En vertu de l'art. 5, les demandes d'entraide judiciaire dont l'exécution implique des mesures de contrainte8 devront en principe être acceptées. L'entraide peut cependant être refusée lorsque les faits à la base de la demande ne constituent pas une infraction punissable tant dans l'Etat requis que dans l'Etat requérant9. L'exigence de la double punissabilité comme préalable à mesure coercitive correspond à un principe important pour la Suisse, qui figure dans la déclaration suisse relative à l'art. 5, al. 1, CEEJ, ainsi qu'à l'art. 64 EIMP.

Art. 6

Mesures provisoires ou d'urgence

Le par. 1 prévoit que sur demande de l'Etat requérant, l'autorité compétente de l'Etat requis ordonne des mesures provisoires, par exemple le blocage d'un compte bancaire. Pour qu'une mesure de ce type puisse être ordonnée, il faut toutefois qu'il n'y ait pas de motifs manifestes qui devraient entraîner un refus d'accorder l'entraide judiciaire.

Dans des cas urgents, le par. 2 permet d'ordonner des mesures provisoires avant même que la demande d'entraide judiciaire ait été formellement présentée. La simple annonce d'une demande suffit. Les informations communiquées doivent toutefois permettre de vérifier que toutes les conditions sont réunies pour pouvoir ordonner de telles mesures. L'Etat requérant se voit fixer un délai pour présenter sa demande formelle d'entraide judiciaire. Si ce délai n'est pas respecté, les mesures provisoires sont levées.

C'est l'art. 18 EIMP qui sert de modèle à cette réglementation.

Art. 7

Utilisation restreinte

Cette disposition définit le principe, important pour la Suisse, de la spécialité. Elle précise l'utilisation qui peut être faite, dans l'Etat requérant, des informations et des moyens de preuve obtenus par voie d'entraide. L'objectif de cette disposition est d'empêcher que des documents transmis par cette voie soient ensuite utilisés par l'Etat requérant dans une procédure pour laquelle l'entraide judiciaire ne lui aurait pas été accordée.

Ainsi, le par. 1 précise que l'Etat requérant ne peut utiliser les informations et les éléments de preuve qu'il obtient par la voie de l'entraide judiciaire que dans une procédure concernant une infraction pouvant faire l'objet de l'entraide judiciaire.

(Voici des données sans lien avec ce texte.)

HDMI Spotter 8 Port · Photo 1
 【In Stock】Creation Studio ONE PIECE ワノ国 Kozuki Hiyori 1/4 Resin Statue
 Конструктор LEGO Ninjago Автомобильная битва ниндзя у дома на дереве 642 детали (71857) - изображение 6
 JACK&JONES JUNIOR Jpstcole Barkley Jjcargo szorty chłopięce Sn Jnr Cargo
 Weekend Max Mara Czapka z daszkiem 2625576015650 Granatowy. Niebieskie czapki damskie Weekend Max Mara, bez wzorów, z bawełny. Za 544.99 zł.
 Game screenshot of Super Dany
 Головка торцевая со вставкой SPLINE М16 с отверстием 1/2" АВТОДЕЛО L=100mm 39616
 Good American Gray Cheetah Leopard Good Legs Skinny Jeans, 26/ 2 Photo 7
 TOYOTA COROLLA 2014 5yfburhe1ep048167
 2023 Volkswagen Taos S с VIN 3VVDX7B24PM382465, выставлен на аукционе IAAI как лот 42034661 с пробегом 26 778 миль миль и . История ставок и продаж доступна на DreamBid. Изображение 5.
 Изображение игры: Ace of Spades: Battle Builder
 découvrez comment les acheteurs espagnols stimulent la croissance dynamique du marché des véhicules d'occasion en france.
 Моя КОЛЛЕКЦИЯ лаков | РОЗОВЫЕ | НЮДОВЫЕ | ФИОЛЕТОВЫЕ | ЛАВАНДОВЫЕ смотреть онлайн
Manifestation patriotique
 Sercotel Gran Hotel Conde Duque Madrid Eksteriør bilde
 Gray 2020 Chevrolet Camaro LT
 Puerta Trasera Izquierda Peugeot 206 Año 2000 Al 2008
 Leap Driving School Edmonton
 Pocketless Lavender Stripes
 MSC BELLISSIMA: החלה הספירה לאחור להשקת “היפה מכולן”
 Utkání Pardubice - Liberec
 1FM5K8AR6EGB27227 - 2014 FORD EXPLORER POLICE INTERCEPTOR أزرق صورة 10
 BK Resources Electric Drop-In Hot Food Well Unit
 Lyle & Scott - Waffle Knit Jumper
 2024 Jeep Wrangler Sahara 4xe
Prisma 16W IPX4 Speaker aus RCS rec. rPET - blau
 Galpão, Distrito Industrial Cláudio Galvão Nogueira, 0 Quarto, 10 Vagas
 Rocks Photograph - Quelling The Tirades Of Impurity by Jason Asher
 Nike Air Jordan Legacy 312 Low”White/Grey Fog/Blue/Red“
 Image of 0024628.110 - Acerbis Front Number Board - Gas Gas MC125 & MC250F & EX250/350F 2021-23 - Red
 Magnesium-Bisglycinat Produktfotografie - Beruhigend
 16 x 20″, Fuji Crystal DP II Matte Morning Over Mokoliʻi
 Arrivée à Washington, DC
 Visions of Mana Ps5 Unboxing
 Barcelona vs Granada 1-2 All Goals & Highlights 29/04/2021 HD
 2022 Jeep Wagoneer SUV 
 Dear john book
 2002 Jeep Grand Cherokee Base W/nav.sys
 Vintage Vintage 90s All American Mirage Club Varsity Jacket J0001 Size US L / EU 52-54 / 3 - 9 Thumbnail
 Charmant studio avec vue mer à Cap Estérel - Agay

Pour la Suisse, l'intérêt principal de cette disposition est que les renseignements qu'elle transmet ne puissent pas être utilisés dans des procédures fiscales ­ à moins qu'il ne s'agisse d'un cas d'escroquerie en matière fiscale, également réprimé par le 8

9

Selon la conception suisse, cette catégorie comprend toutes les mesures impliquant le recours à une contrainte prévue par le droit de procédure. Outre la perquisition et la saisie d'objets et de valeurs, il s'agit notamment de la comparution de témoins récalcitrants, des dépositions de témoins faites sous la contrainte ou de la divulgation de secrets protégés par la loi.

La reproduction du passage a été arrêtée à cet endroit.